Dear Solution-aries,
The recent news hit me like a heat wave: Climate experts have no doubt that we are on our way to overshooting the 1.5°C increase in global heating the UN leaders agreed on in the Paris Agreement of 2015 by at least 1°C before the end of this century. This would have devastating consequences for the Earth and everybody who lives on it.
It’s impossible to distance ourselves from the news. Last week the world recorded the hottest days on record. The changes affect us, no matter where we live.
I was worried when I read the scientists’ predictions but even more worried by the lack of public response to them. Are we so used to horrifying climate predictions that we simply ignore them?
Some of my friends and colleagues are motivated by the bad news to intensify their climate-friendly actions, while I’ve heard from others, “It’s too late now anyways,” or, “What difference does it make if I recycle my trash or drive a diesel?”
I don’t intend to shame anybody, we all can do more than we are doing, myself included, but I do hope we can agree we need to take this issue seriously and do more to reduce emissions. If anything, the survey results are an urgent call to action.
Luckily, the same experts also tell us what we can do to have the most significant impact on climate change.
Hurricane Beryl.

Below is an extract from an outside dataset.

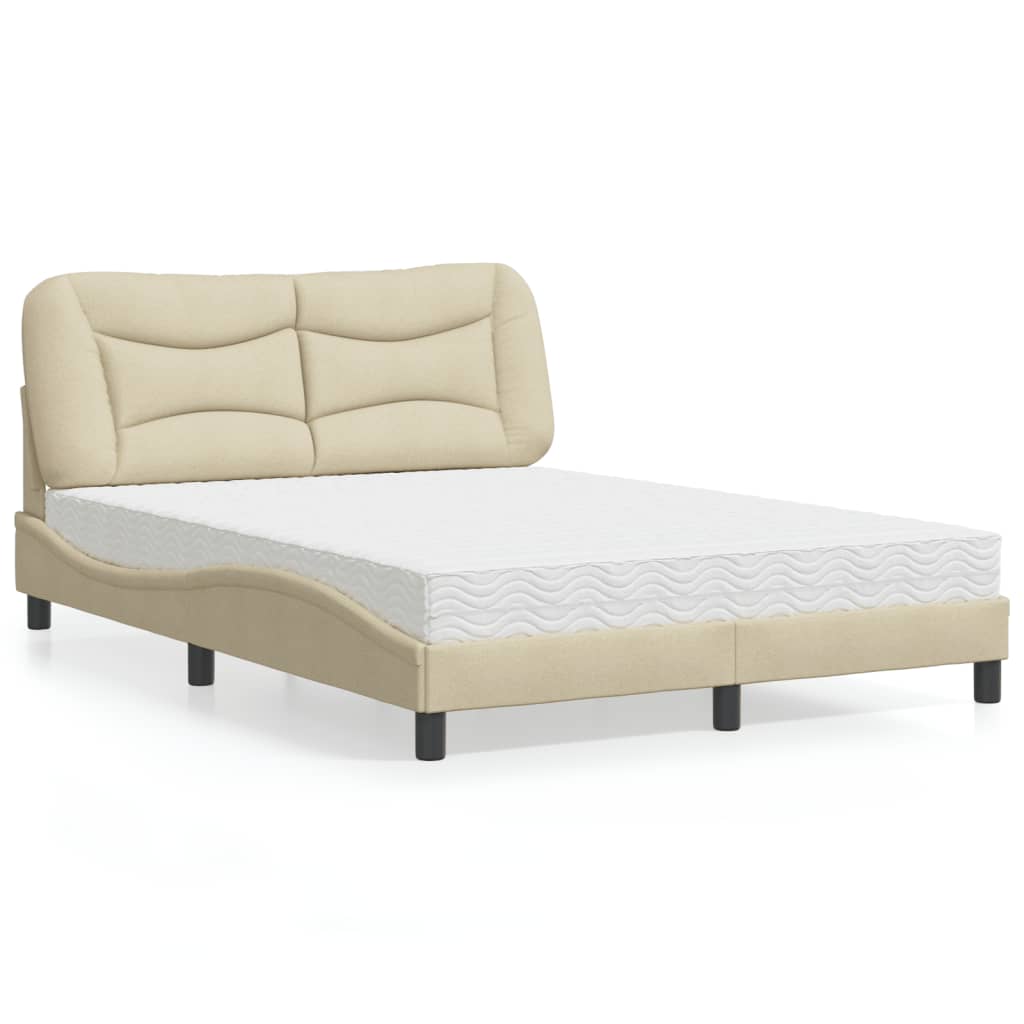 Letto con Materasso Crema 120x200 cm in Tessuto 3208525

Credit: Mathew Risley / Shutterstock
“I am convinced that we have all the solutions needed for a 1.5°C path and that we will implement them in the coming 20 years,” said Henry Neufeldt, the Head of Impact Assessment and Adaptation at the UN’s Copenhagen Climate Centre. “But I fear that our actions might come too late and we cross one or several tipping points.”
The position we’re in could hardly be clearer: We do have solutions, but we need to implement them. Now.
Everything we do matters.
EVERY action matters. EVERY flight, EVERY steak I eat, EVERY unnecessary mile I drive matters. Here are some of the biggest things we can do to help:
Vote
The scientists have identified prime actors who are responsible for failing to tackle the climate crisis: A lack of political will was cited by almost three-quarters of the respondents, while 60 percent also blamed vested corporate interests, such as the fossil fuel industry.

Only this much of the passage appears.